Cataract extraction with multifocal intraocular lens implantation: Clinical, functional, and quality‐of‐life outcomes: Multicenter clinical trial in Germany and Austria

Purpose: To compare bilateral implantation of a multifocal intraocular lens (IOL) versus a monofocal lens with respect to visual function, patient satisfaction, and quality of life. Setting: Seven clinical sites in Germany and 1 site in Austria. Methods: A prospective randomized masked clinical trial included 124 randomly assigned bilateral pseudophakic individuals, 64 of whom had bilateral implantation of an Array® foldable multifocal IOL (model SA‐40N, Allergan) and 60 of whom had bilateral implantation of an AMO®PhacoFlex II® silicone monofocal IOL (model SI‐40NB). Clinical data included binocular uncorrected and corrected distance and near visual acuities, complications, adverse events, and reports of halos and glare. Quality‐of‐life data were collected on 3 occasions using the modified Cataract TyPE Specification instrument. The functional status of the 2 groups was compared from baseline to final postoperative interview.

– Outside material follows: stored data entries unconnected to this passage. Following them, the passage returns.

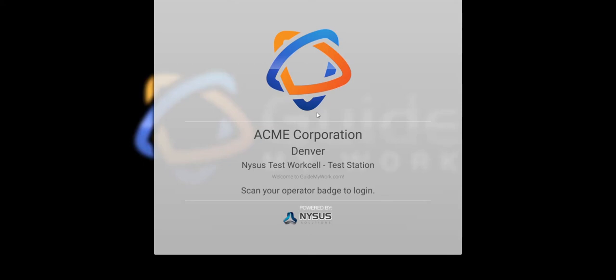So what are you waiting for? Get going on GuideMyWork today. And be sure to check out our additional training videos to learn more about each setup menu, reporting functionality, and administrative features.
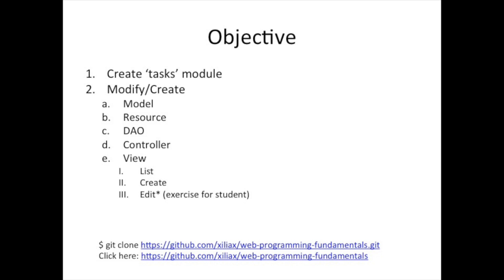So that was pretty easy. Most of the code was generated for us. So let's continue working on this and get our application running.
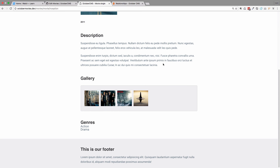That's it for this video. In the next video, we are going to create the reverse many-to-many relationship for genres — so when someone clicks on a genre like Action, it will take them to a page displaying all movies in that genre, such as Inception or Fight Club. Everything we did here will be available on GitHub — the link is in the description below. Please like the video and subscribe to the channel. Thank you for watching and I'll see you in the next video.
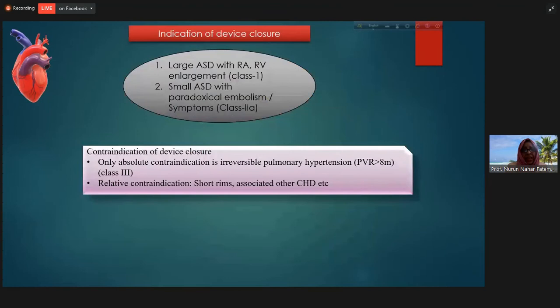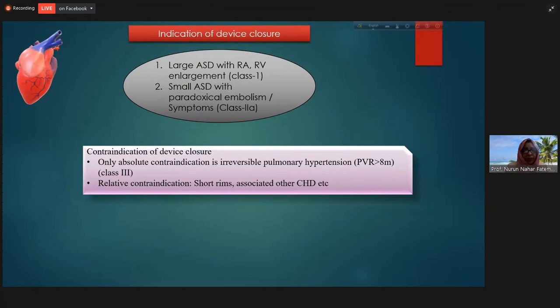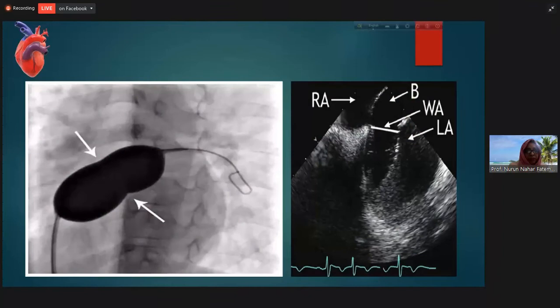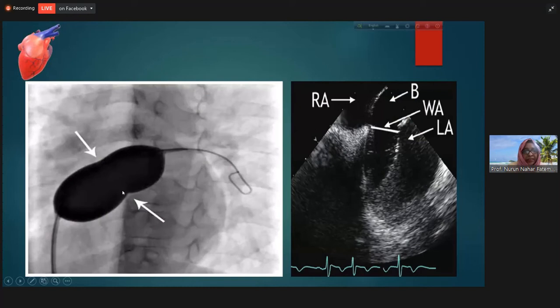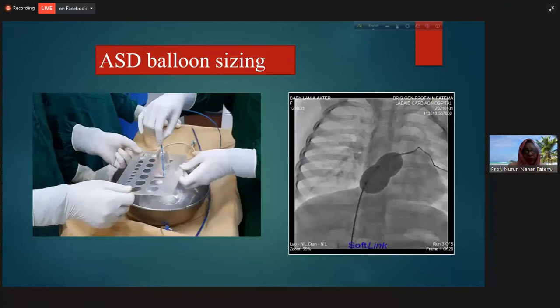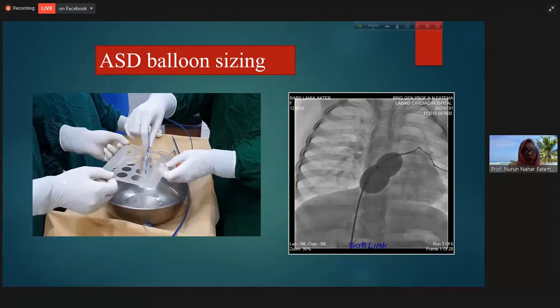These are the hardware used for device closure — clearly visible on TEE and ICE. Indications include large ASD and small ASD with risk of paradoxical embolism. We perform balloon sizing in all cases because it allows selection of the minimum device size possible. When a waist appears in the balloon, we select the device size equal to that balloon waist. With echocardiography, we see the stop flow: when we inflate the balloon and stop flow is confirmed by color Doppler, we stop inflation.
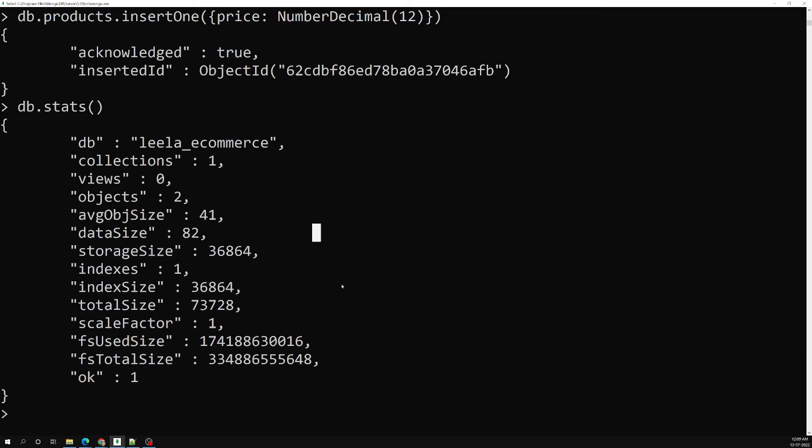This is how the data types work. I hope you understood about the practical data types in the document. If you have any doubts please post in the comments below. If you like this video, please support me by subscribing to my channel. Thank you.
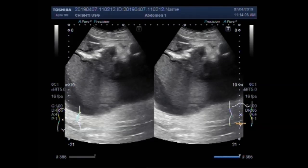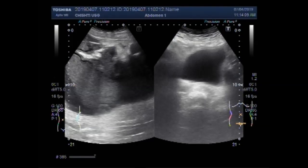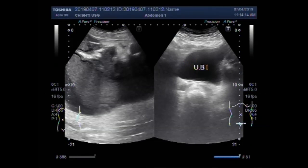Now you are going to see the urinary bladder. This is the urinary bladder.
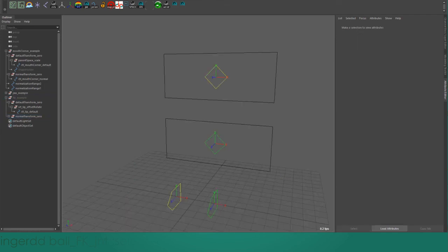I hope this simple demonstration has shown off how using a custom transform node like this can improve the animator's experience with a rig.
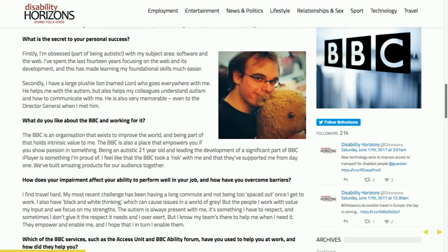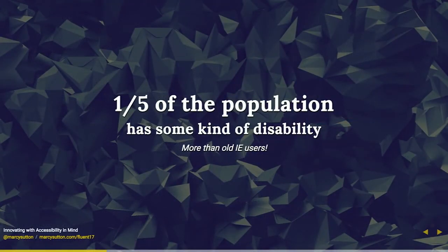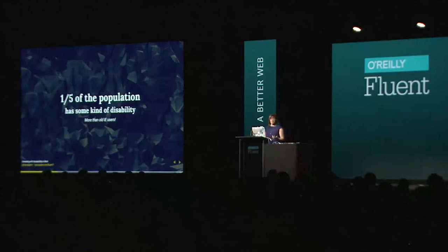Lastly, there's this group of people with cognitive disabilities, and this is a pretty broad category. One person I have on the screen is Jamie Knight, and he works at the BBC. He has such a unique perspective on the web, and he does really great work. In this article for Disability Horizons, he talks about what it's like to be an autistic software developer — how he can sometimes get overwhelmed by sounds and sights. He has his buddy Lion, a plushie he carries around as something stable to hang on to when things get rough. All of this to say that people with disabilities make up about a fifth of the population. That's more people than use, for example, an old version of Internet Explorer. So when we're chasing down bugs for one browser, we should probably be putting accessibility as a higher priority because of all the people it can impact.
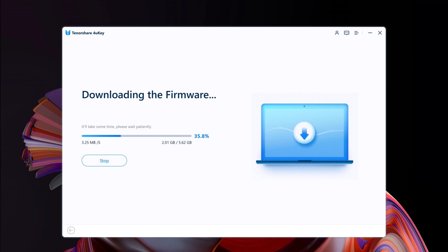iOS firmware packages are large files, so the download may take several minutes.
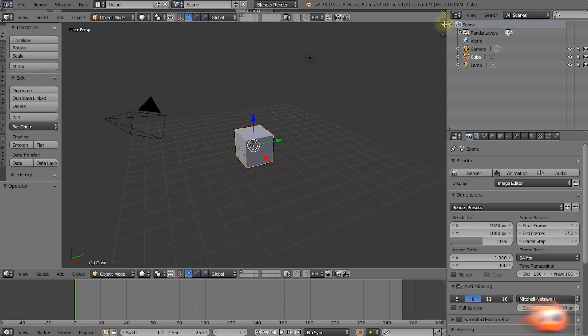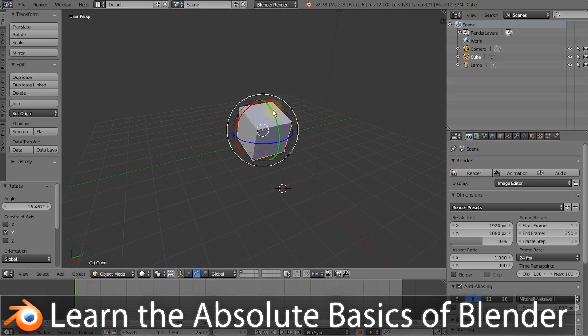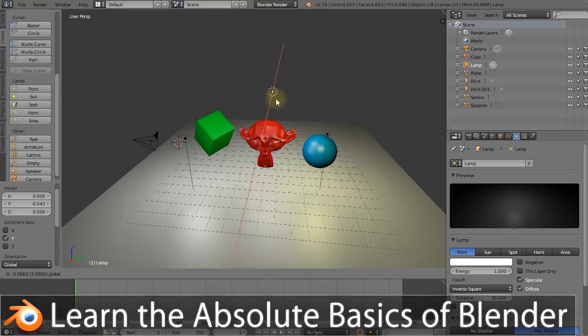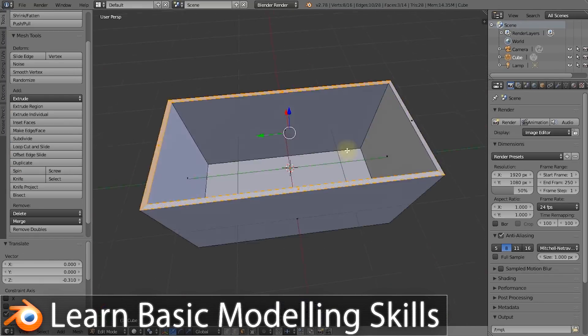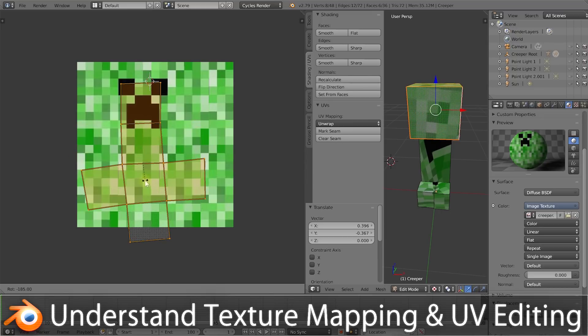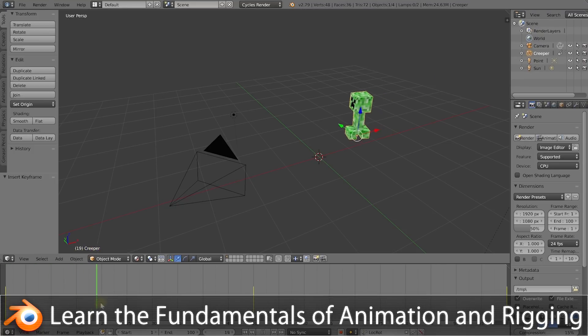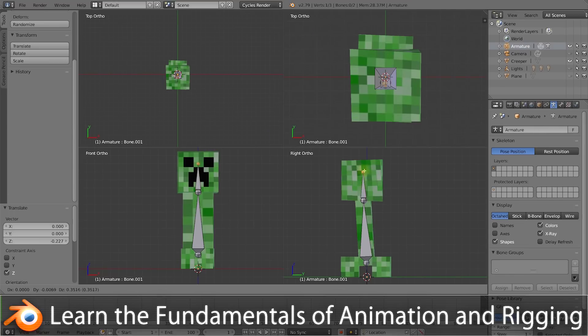By the end of this course you will be familiar with all of the basics of using Blender, which is an awesome, powerful, free 3D software tool, and you will be able to create your own 3D models, images, and animations. First we will cover the absolute basics like how the interface works and how to get something rendered into an image. Then we'll talk about the basics of modeling in Blender and how to apply textures and materials to your models.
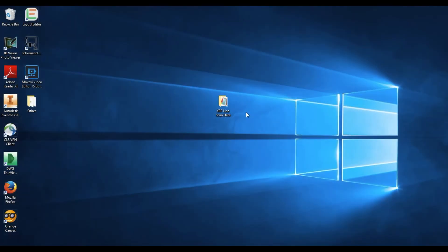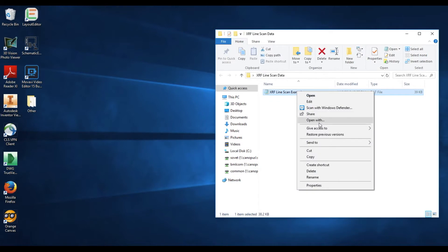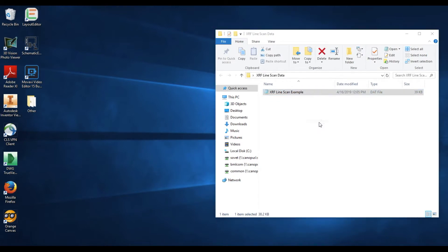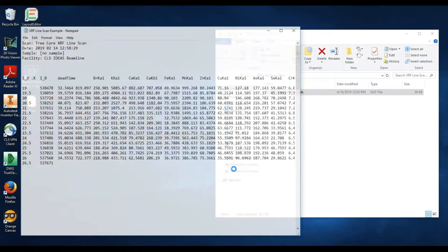To create an XRF line scan graph from XRF data acquired on the Ideas beamline of the Canadian Light Source, open up the folder containing your data. Right-click your data file and select Open With. Choose any text software you're comfortable with. Notepad is probably the easiest to use. Select the software and select OK.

Results: Three months after surgery, a higher proportion in the Array group achieved a Jaeger value of J3 (20/40 Snellen) or better uncorrected binocular near visual acuity and 0.5 (20/40) or better distance‐corrected binocular near visual acuity than in the monofocal groups (97% versus 68% and 95% versus 59%, respectively; P < .001). A higher proportion in the multifocal group achieved both 0.5 (20/40) and J3 or better uncorrected binocular distance and near visual acuities (97% versus 66%; P < .001). Those in the Array group were more likely than those in the monofocal group to never wear glasses overall (41% versus 12%; P < .001). Multifocal patients rated their vision without glasses better overall, at near and at intermediate distances (P < .05), and demonstrated better visual function for near tasks and social activities. Conclusions: Those who had bilateral implantation of the Array multifocal IOL obtained better uncorrected and distance‐corrected near visual acuities and reported better overall vision, less limitation in visual function, and less spectacle dependency than patients with bilateral monofocal IOLs.